I come to these conclusions for a number of reasons. What reports of near-death experiences (NDEs) suggest is that disembodied souls have a devil of a time communicating with the living—and the reason for this that I’ve suggested is that they lack access to the instruments by which to reach people in bodies. Those people are equally “blind,” as it were, to the other reality because the functioning of their bodies interferes with seeing the soul dimension. This suggests that unusual circumstances are required for any kind of communication. The central figure here becomes the medium. Virtually all mediums go into trances while they “channel” the other world. That word is suggestive. It suggests that the medium is a tool rather than an agency. The medium absents herself (most mediums are women). She gets out of the way. The spirit on the other side appears to take over the medium’s “instruments,” principally her vocal chords and, presumably, certain functions of her brain. Hence mediums often speak in strange voices. And there are rare cases where the other party in fact comments on the difficulties of using the medium’s body. Many mediums also make use (or are made use of by) a guide or a “control,” thus another spirit on the other side, who is well matched to the medium and in turns transmits information from a third party—the departed.

This suggests to me that some minimal form of at least partial possession is a necessary aspect of the spiritualistic phenomenon. A spirit must gain access to a living person; that person has to get out of the way, accomplished by the trance; then communications of a sort commence. The maintenance of this strange duality—two agencies using the same body—is difficult, chancy, and tiring to the medium. I for one see the medium’s gifts as ill-used in such communications for reasons that have to do with the other aspect of this phenomenon: its fundamentally banal content.

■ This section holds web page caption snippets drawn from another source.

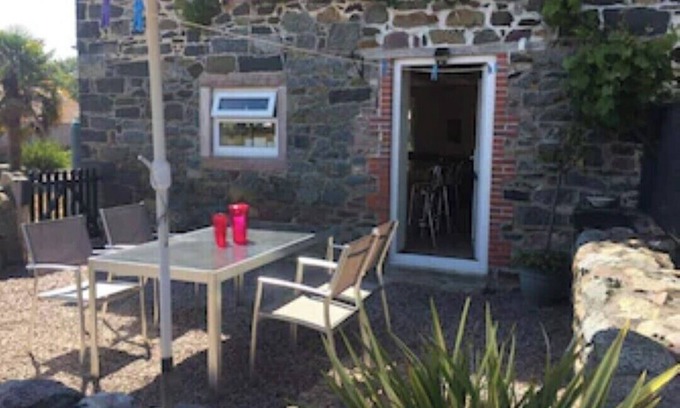 Plurien Cabaña | Gite in rural area with a short walk to the 🏖 beach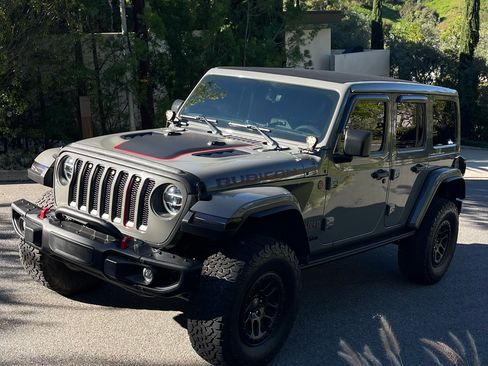 Used 2022 Jeep Wrangler Unlimited Rubicon w/ Xtreme Recon 35" Tire Package image 2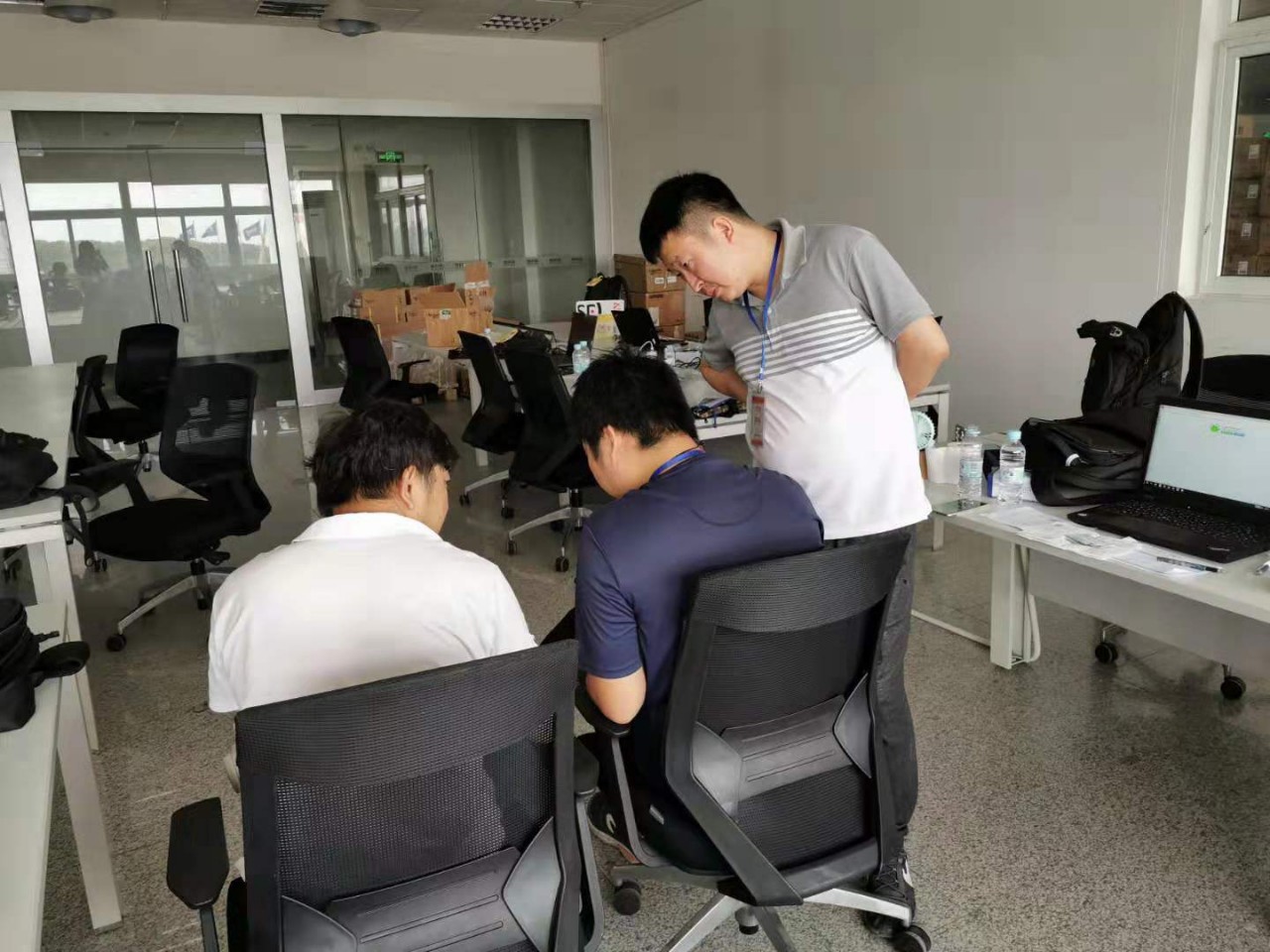 夏送清涼，集體慶生，慰問一線 | 致我們的一線伙伴：辛苦了！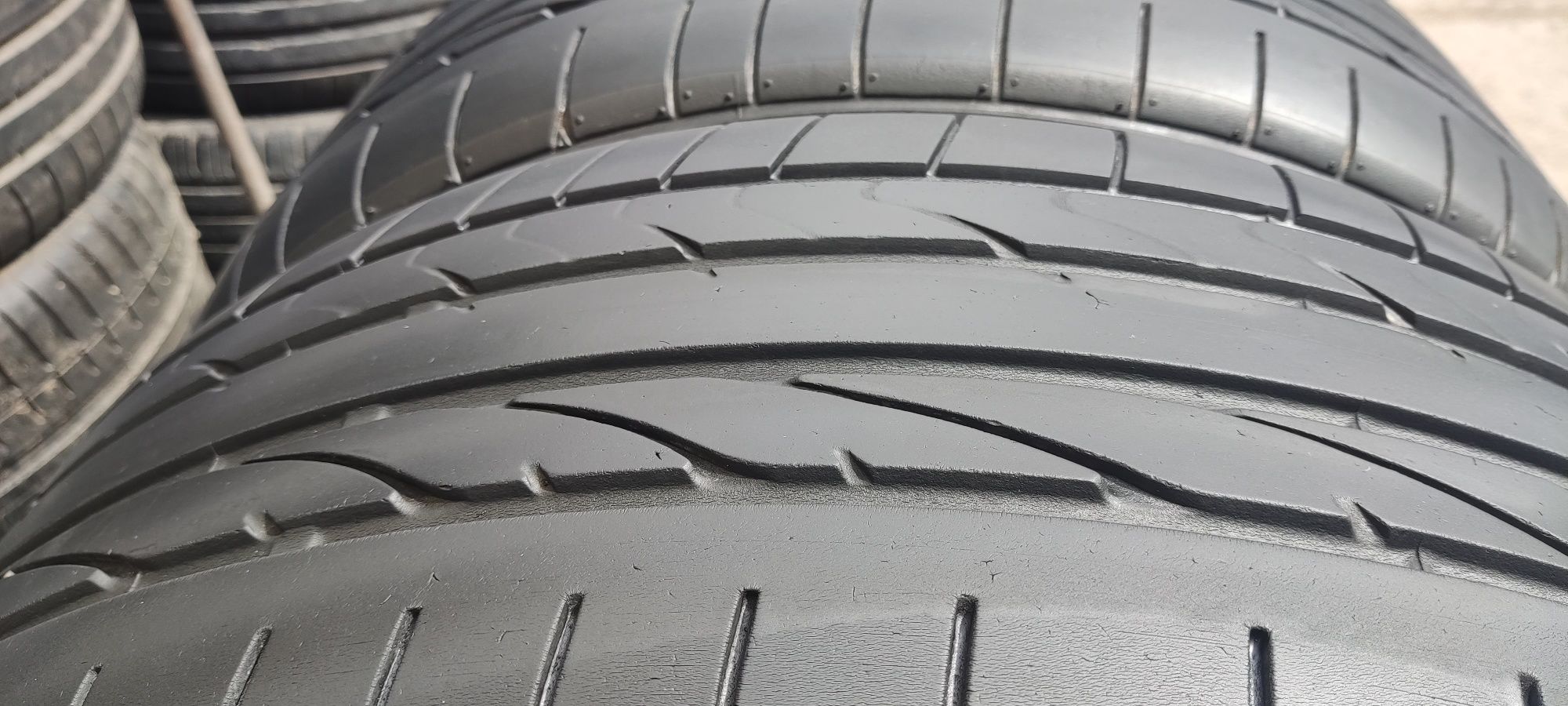 2бр летни гуми 255/45/20 Bridgestone Dueler H/P
около 6mm грайфер
Добр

In years of looking at this phenomenon from time to time, I have yet to discover anywhere any information regarding the “beyond” which cannot be found with much less hocus-pocus in the writings of speculators, moralists, and other authors on values or cosmologies. There is nothing much there. What a person can discover is proof that life continues after this stint on earth, but for that we do not need to talk to some departed grandpa who still remembers the pet dog’s name. If the reader is interested in confirming this, I would suggest the excellent web site of SurvivalAfterDeath.org.uk accessible here. This site reproduces many original papers and extracts from the psychical literature reaching well into the nineteenth century; there is much else there as well on psychical research beyond spiritualism.

I will defer discussion of the other two categories of communications to future posts because this entry, as I observe, has already reached its appointed length.